++++ INFORMATION SHOWN ++++

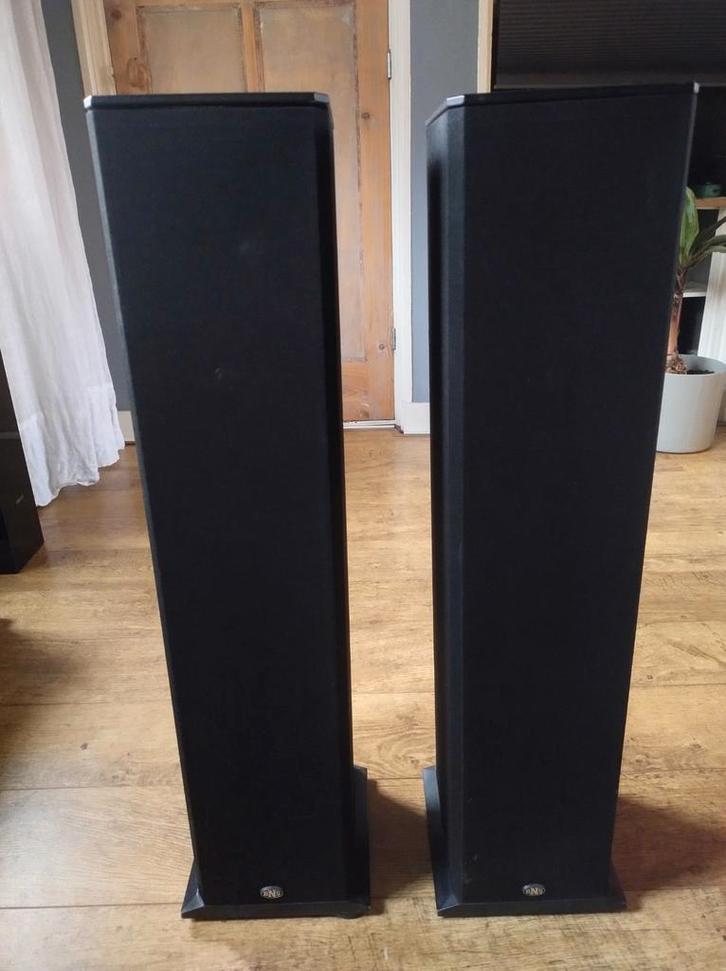 BNS Ellesy MK2 Luidsprekers, Audio, Tv en Foto, Luidsprekers, Gebruikt, Front, Rear of Stereo speakers, 60 tot 120 watt, Overige merken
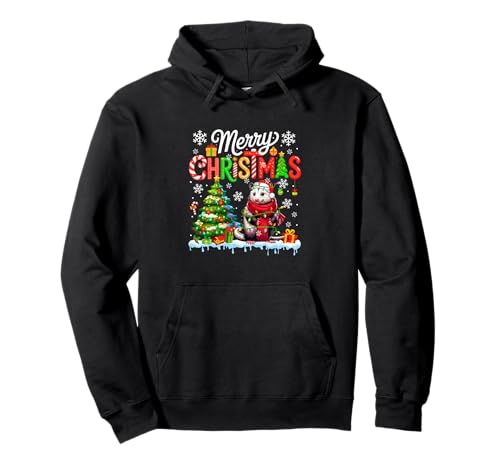 Frohe Weihnachten Santa Opossum buntes Kostüm Kinder Kleinkind Pullover Hoodie von Rodent Christmas Costume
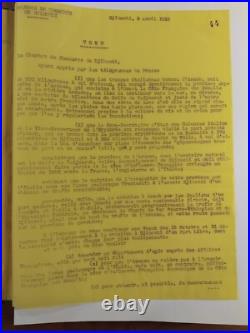 Djibouti Cahier de correspondances de la Compagnie d'Afrique Orientale
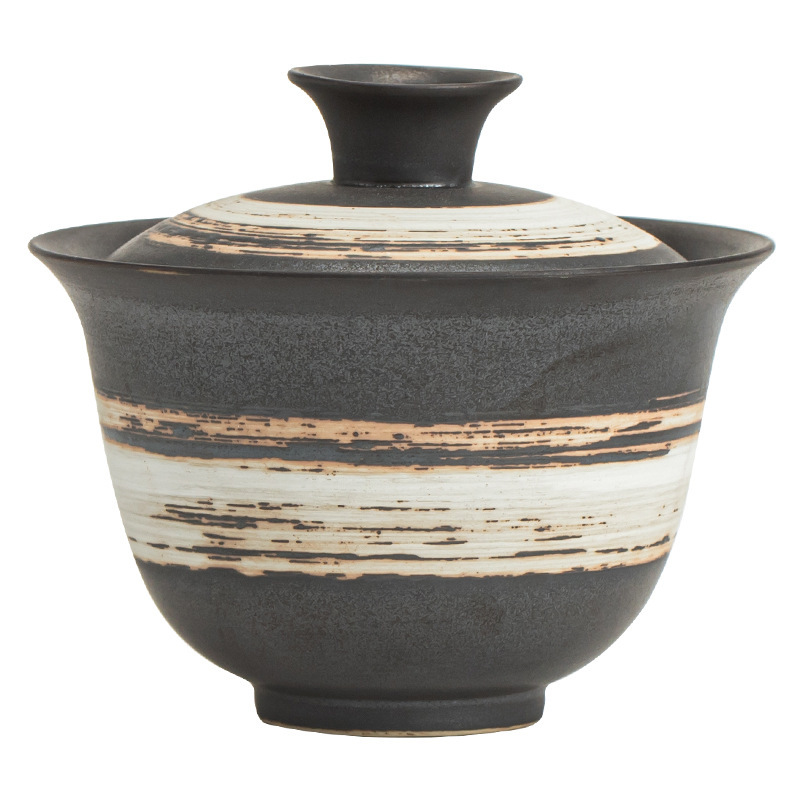 侘寂風二才蓋碗泡茶器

++++

● **REQUIREMENT**
Word for word, restate the lines from the one containing "Djibouti Cahier de" through the end of the listing, and nothing more. Skip the pictures.

● **PROBLEM SOLUTION**
 Djibouti Cahier de correspondances de la Compagnie d'Afrique Orientale
 侘寂風二才蓋碗泡茶器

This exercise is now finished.